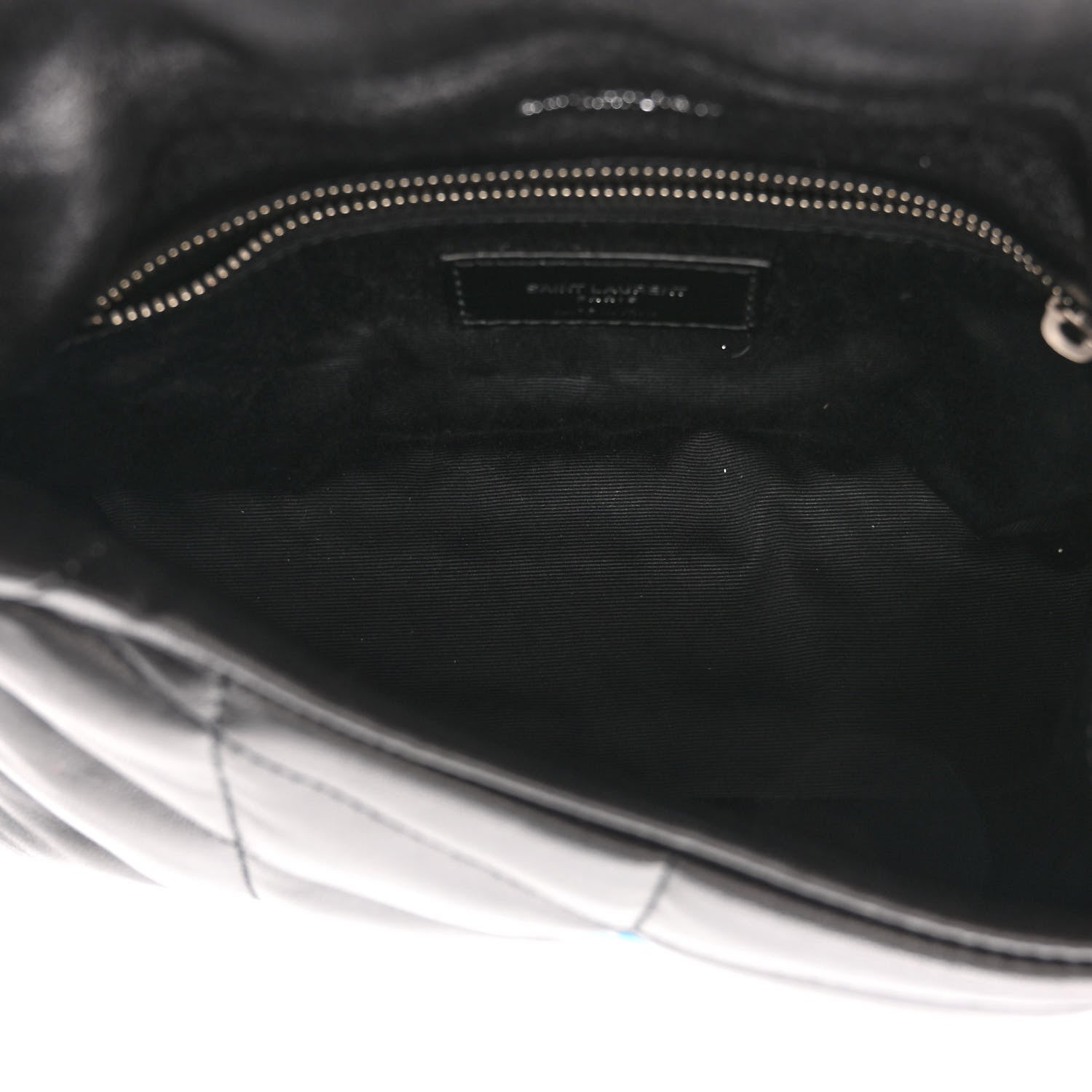 Saint Laurent Lambskin Quilted Toy Loulou Puffer Monogram Chain Satchel Black 5 of 9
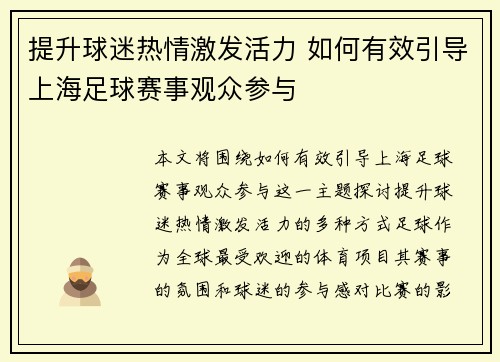 提升球迷热情激发活力 如何有效引导上海足球赛事观众参与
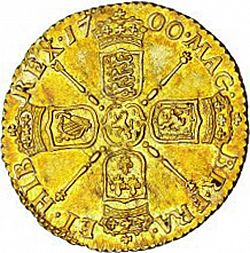 Large Reverse for Half Guinea 1700 coin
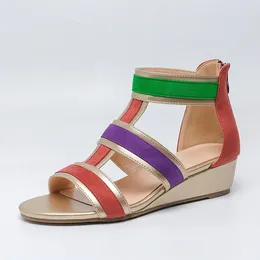Casual Shoes Summer Women 3cm Wedges Low Heels Roman Sandals Lady Large Size Comfortable Zipper Fashion Open Toe Soft Bohemian Sandles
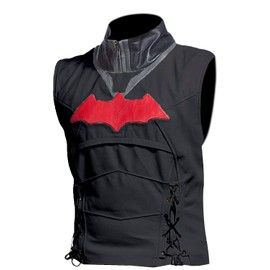 Lasumisura Men's Faux Leather Bat Style Vest - Medium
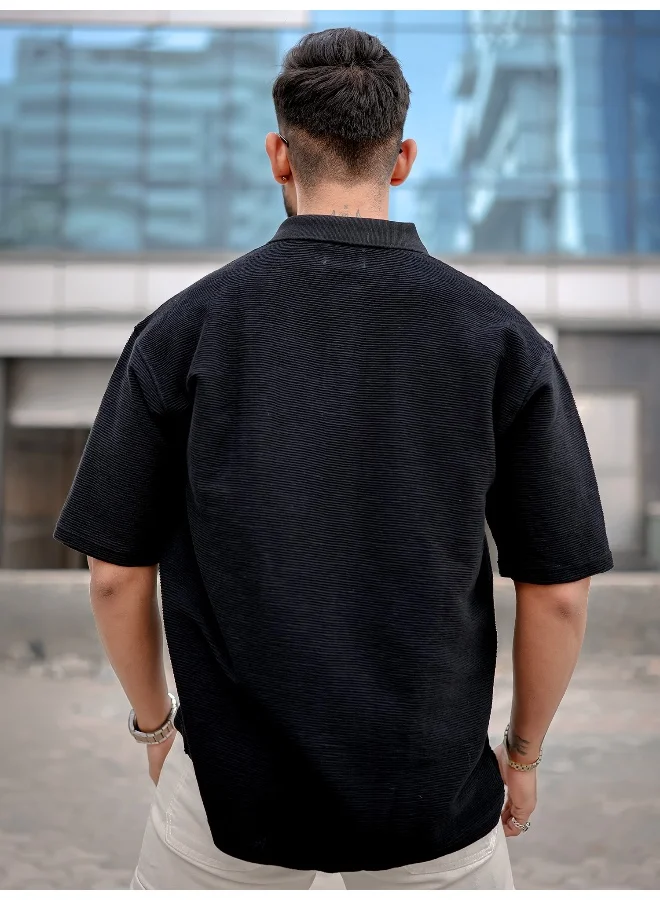 Maniac Mens Polo Neck 3/4th Sleeve Black Corduroy Fabric Tshirt
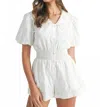 Mable Women's Embroidered Collared Romper In White In White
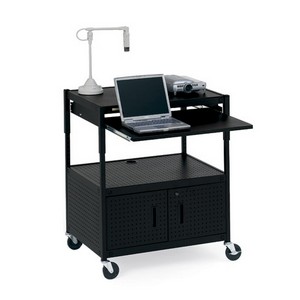 Bretford Adjustable Multipurpose Cart with Cabinet ECILS3FF-BK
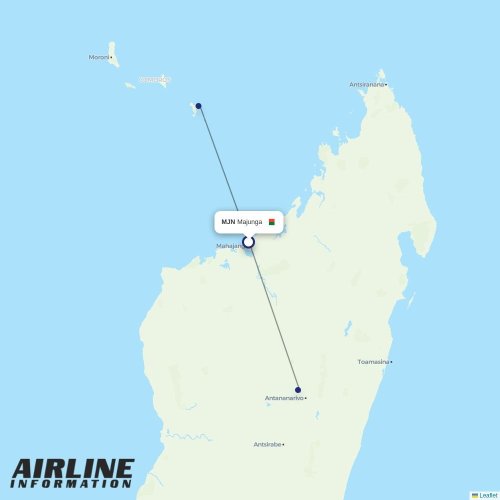 Madagascar Airlines at MJN route map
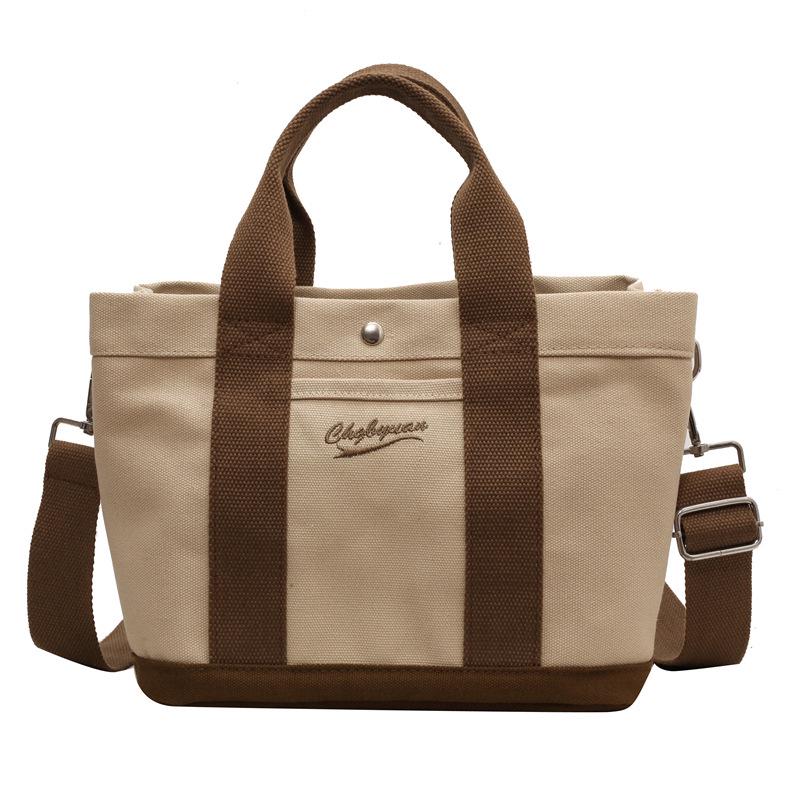 Japanese Color Block Canvas Tote: Lightweight, Large-Capacity, Versatile Handbag for Women - Shoulder or Crossbody Use.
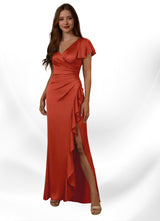 Augday Roya Mermaid V-Neck Pleated Stretch Satin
_____
● **Exercise objective**
Only exact lines belong in the answer: those from the beginning of the entries above through the line holding "Madagascar Airlines at MJN route map", with no pictures.

● **Answer to this problem**
 Saint Laurent Lambskin Quilted Toy Loulou Puffer Monogram Chain Satchel Black 5 of 9
 提升球迷热情激发活力 如何有效引导上海足球赛事观众参与
 Large Reverse for Half Guinea 1700 coin
Casual Shoes Summer Women 3cm Wedges Low Heels Roman Sandals Lady Large Size Comfortable Zipper Fashion Open Toe Soft Bohemian Sandles
 Lasumisura Men's Faux Leather Bat Style Vest - Medium
 Maniac Mens Polo Neck 3/4th Sleeve Black Corduroy Fabric Tshirt
 Mable Women's Embroidered Collared Romper In White In White
 Bretford Adjustable Multipurpose Cart with Cabinet ECILS3FF-BK
 Madagascar Airlines at MJN route map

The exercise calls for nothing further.